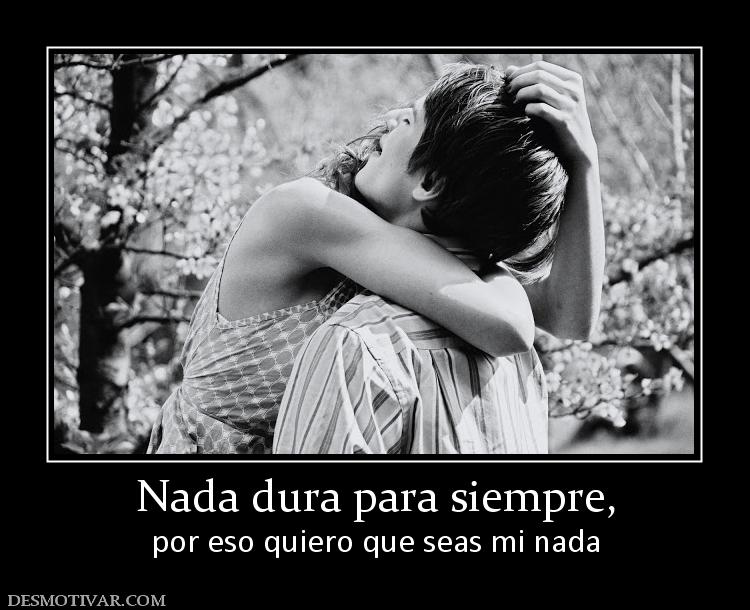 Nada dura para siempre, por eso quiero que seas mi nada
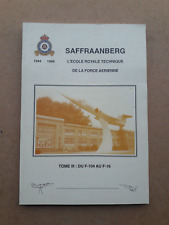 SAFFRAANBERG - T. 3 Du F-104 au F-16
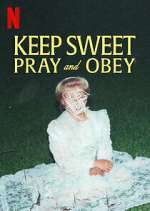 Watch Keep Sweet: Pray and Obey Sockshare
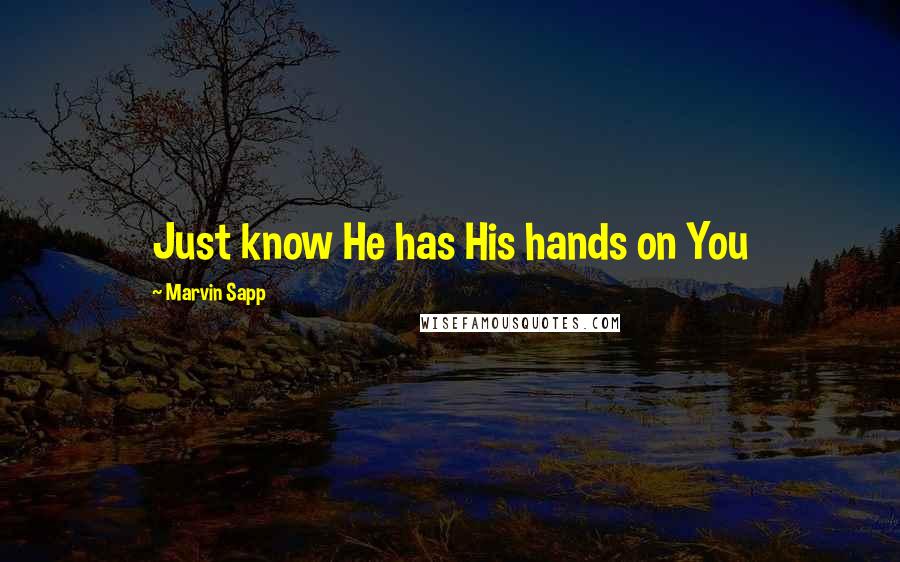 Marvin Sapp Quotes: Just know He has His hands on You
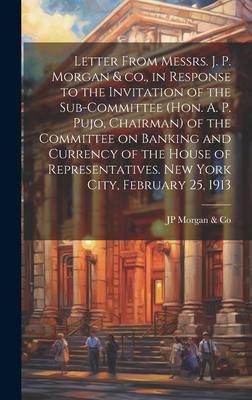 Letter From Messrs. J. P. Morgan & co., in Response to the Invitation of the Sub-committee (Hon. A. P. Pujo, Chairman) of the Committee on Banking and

● Assigned task
Type out each line of the records above exactly, skipping any pictures.

● Response to the exercise
 Nada dura para siempre, por eso quiero que seas mi nada
 SAFFRAANBERG - T. 3 Du F-104 au F-16
 Watch Keep Sweet: Pray and Obey Sockshare
 Marvin Sapp Quotes: Just know He has His hands on You
 Letter From Messrs. J. P. Morgan & co., in Response to the Invitation of the Sub-committee (Hon. A. P. Pujo, Chairman) of the Committee on Banking and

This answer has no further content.